Con tale espressione gli studi psicologici e pedagogici alludono ad una serie di abilità interrelate tra cui:
1) esser consapevoli delle proprie emozioni;
2) saperle esprimere anche in base al contesto;
3) saper interpretare i comportamenti altrui e riconoscerne le intenzioni;
4) saper distinguere l’emozione provata dall’emozione espressa;
5) usare unvocabolario emotivo adeguato;
6) essere empatici;
7) saper attivare strategie di coping.
Chi possiede o almeno lavora su di sé per acquisire una simile competenza, può essere per la crescita affettiva dell’altro guida.
Da questo punto di vista, si può dire che l’incompetenza genitoriale di taluni genitori di oggi si leghi ad una incompetenza emotiva, sia pure nascosta da una strenua esaltazione del valore delle emozioni.
Altri, sono permissivi nel tentativo di non ripetere i deprecabili errori che spesso nel loro passato di figli si legavano all’autoritarismo. In ogni caso sembra che molti genitori di oggi non riescono – non sono educati – a cogliere che la vera autorità è l’impegno a far crescere l’altro.
Ciò significa tollerare e insegnare a tollerare anche disagi e frustrazioni, in nome degli obiettivi di crescita della persona proprio in quanto persona.

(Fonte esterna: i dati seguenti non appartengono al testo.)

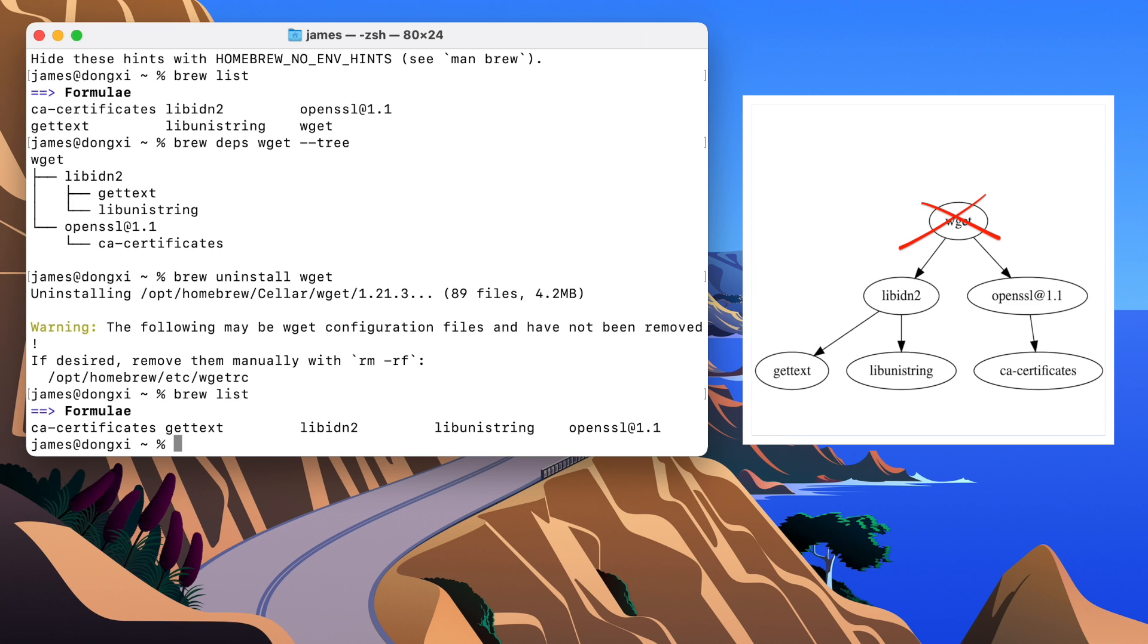We need a command that can automatically remove all of the packages that we didn't install ourselves and that we're not using. This is what brew autoremove does.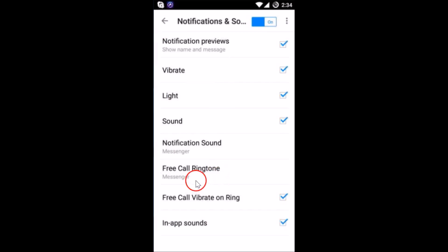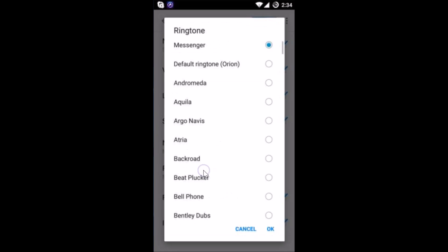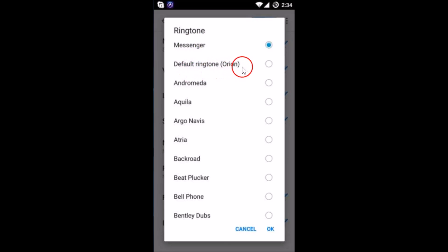Here you can see Free Call Ringtone, just tap on it. At the pop-up you can see various ringtones. Currently it is set to Messenger and we have the default ringtone here. If I tap on it, you can hear it.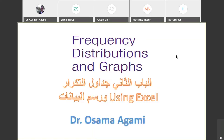Hi guys. Today we are going to use Excel to graph the frequency table for some data.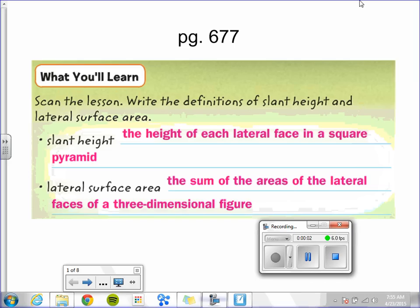Chapter 8, Lesson 7: Surface Area of Pyramids. Today we're going to talk about the surface area of pyramids. We are going to discuss what the slant height is and the lateral surface area. Slant height is the height of each lateral face in a square pyramid, and the lateral surface area is the sum of all those areas of the lateral faces.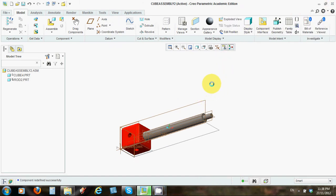Welcome back again to Creo Parametric. We're in the process of creating an assembly now.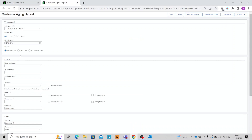Here we're given a whole host of different settings that we can configure before running the report. Some key things to point out are the fact that we can of course change the date to use, and we can also change what date this is based on — so whether invoice date, due date, or GL posting date.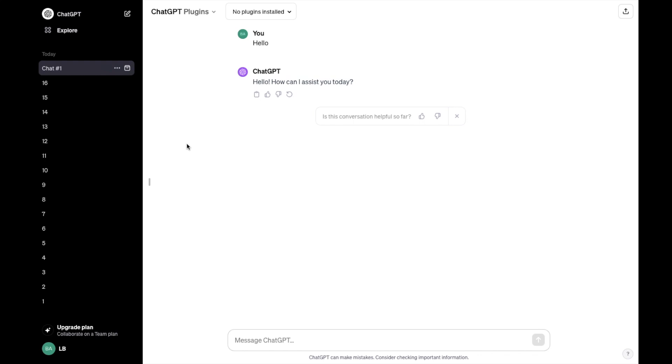So in this ChatGPT tutorial video, I'm going to be showing you guys how to archive a previous chat here on ChatGPT.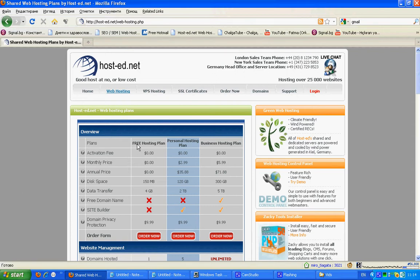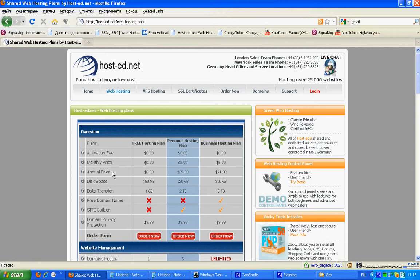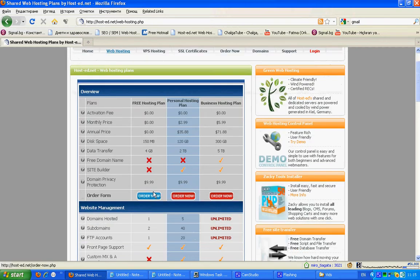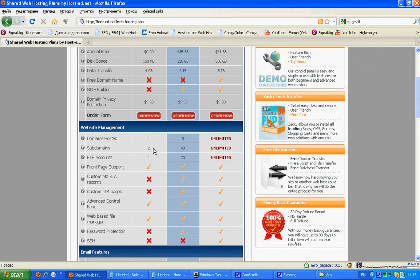It is absolutely free, without activation fee, without monthly price, without annual price. Absolutely free, without ads. It has 150 MB disk space, 4 GB data transfer. You can host one domain or you can have two absolutely free subdomains by HostedNet.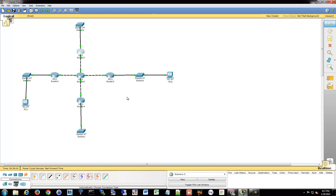From there, we're going to move on to link-state routing protocols and talk about OSPF.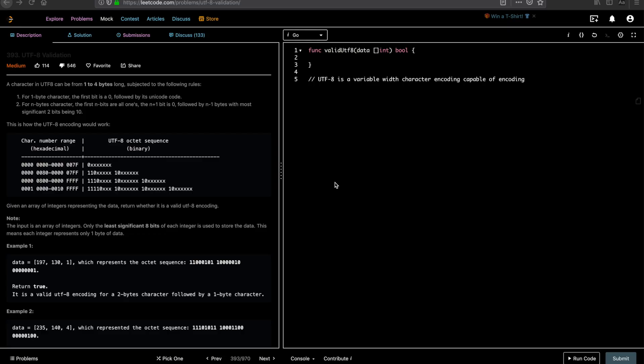Hey guys, welcome to Let's Talk Algorithms. This is Venkatesh and today we'll be solving the problem UTF-8 validation.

Il ruolo di guida dei genitori è quindi complesso e multifaceted, va oltre il fornire solo necessità materiali e coinvolge la creazione di un ambiente ricco di valori, supporto e opportunità per la crescita e lo sviluppo dei bambini. Quando i genitori assumono consapevolmente questo ruolo, hanno un impatto duraturo sulla vita dei loro figli, contribuendo a formare individui responsabili, equilibrati e moralmente consapevoli.